Stocks rise on signs of easing US-China trade tensions
NEW YORK (AP) — U.S. stocks rose in midday trading Thursday after the U.S. and China took more steps to ease tensions in their long-standing trade war that threatens to hurt the broader global economy.
Technology stocks led the gains and helped extend Wednesday's rally. Tech companies, particularly chipmakers, are heavily impacted by the trade war because many of them make products in China or rely on Chinese suppliers.
Microsoft, the most valuable company in the S&P 500 index, rose 1%, while PayPal gained 3.2%.
Consumer-focused stocks also had solid gains. McDonald's rose 1.5%.
Health care stocks also helped power a rally for the second day. Medical device maker Abbott gained 1.1%.
Energy companies tumbled as oil prices slid 2%. Oilfield services company Schlumberger shed 2.4%.
The yield on the 10-year Treasury rose to 1.77% from 1.73% a day earlier.
Investors saw more encouraging signs in the U.S.-China trade dispute.

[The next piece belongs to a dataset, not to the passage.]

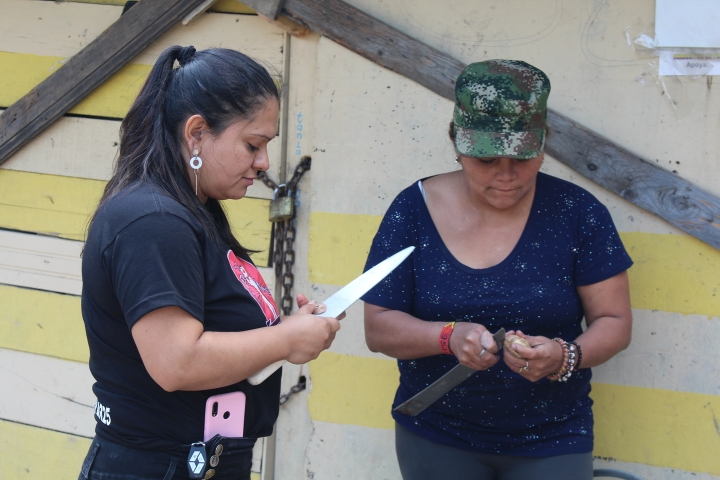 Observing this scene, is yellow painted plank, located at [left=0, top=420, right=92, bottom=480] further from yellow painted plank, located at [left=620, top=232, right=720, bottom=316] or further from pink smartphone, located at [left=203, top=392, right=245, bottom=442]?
yellow painted plank, located at [left=620, top=232, right=720, bottom=316]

The U.S. has agreed to delay another round of tariffs on Chinese imports by two weeks to Oct. 15. Meanwhile, Chinese importers have asked U.S. suppliers for prices for soybeans, pork and other farm goods.
KEEPING SCORE: The S&P 500 index rose 0.4% as of 12:10 p.m. Eastern time. The Dow Jones Industrial Average rose 98 points, or 0.4%, to 27,235. The Nasdaq rose 0.4%.

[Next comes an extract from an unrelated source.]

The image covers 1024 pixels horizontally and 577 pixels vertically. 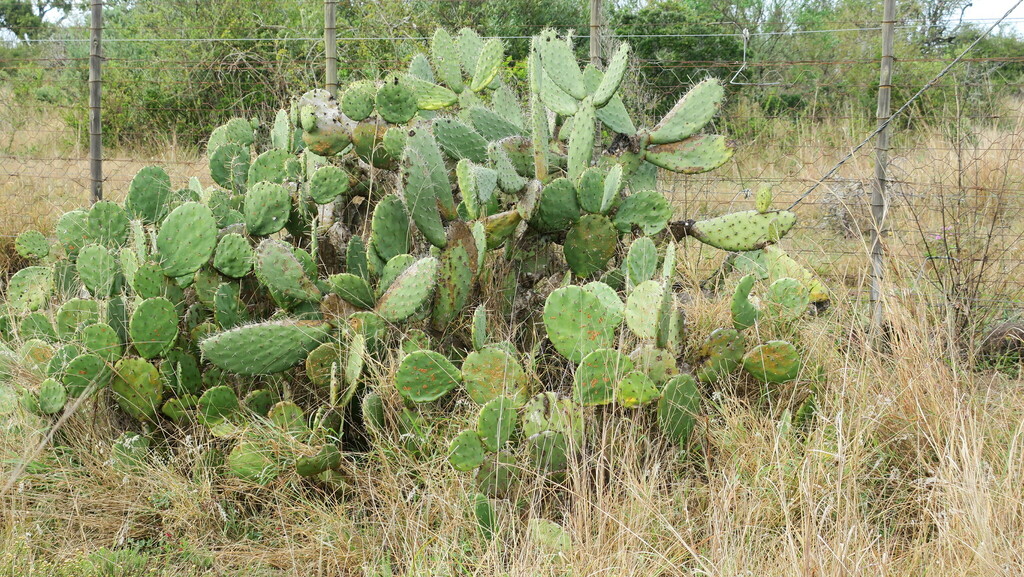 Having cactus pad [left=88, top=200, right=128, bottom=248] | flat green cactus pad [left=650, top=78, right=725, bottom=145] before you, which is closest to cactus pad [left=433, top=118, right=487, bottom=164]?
flat green cactus pad [left=650, top=78, right=725, bottom=145]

STRONG SEPTEMBER: Several weeks of solid gains have helped the S&P 500 more than recoup its losses in August and it is edging closer to its record-high of 3,025.86, reached July 26.
The index is also on track for its best September since 2013. The S&P 500 is up 2.9% this month after slipping 1.8% in August. The S&P 500 has fallen in September 55% of the time since World War II, although the record has been better during the 10-year bull market.
Small companies are the star performers so far this month. The Russell 2000 index of smaller-company stocks is up 5.2%, with much of the gain coming this week. Smaller companies within the index are viewed as more insulated from the impact of volatile swings in the U.S.-China trade war.
OVERSEAS: Stocks in Europe rose following the European Central Bank's latest round of economic stimulus. The central bank cut the rate on deposits it takes from banks and said it will start buying bonds, which will help pump money into the financial system and lower borrowing costs. The rate cut was widely expected as the European Union faces an uncertain future with Britain's likely chaotic exit on Oct. 31. European nations are also facing a broad economic slowdown as the impact of the U.S.-China trade war reverberates globally.
Stocks moved higher in Asia.
SHORT HEM: Tailored Brands plunged 25.1% after giving investors a dismal third quarter profit forecast and halting its dividend. The company also expects a decline in sales, including at its struggling Men's Wearhouse stores and Jos. A Bank locations.
CEO SURPRISE: DXC Technology fell 17.2% after the information technology company said CEO Mike Lawrie retired and is being replaced by Mike Salvino, a current board member at DXC and former managing director at a tech sector focused investment firm.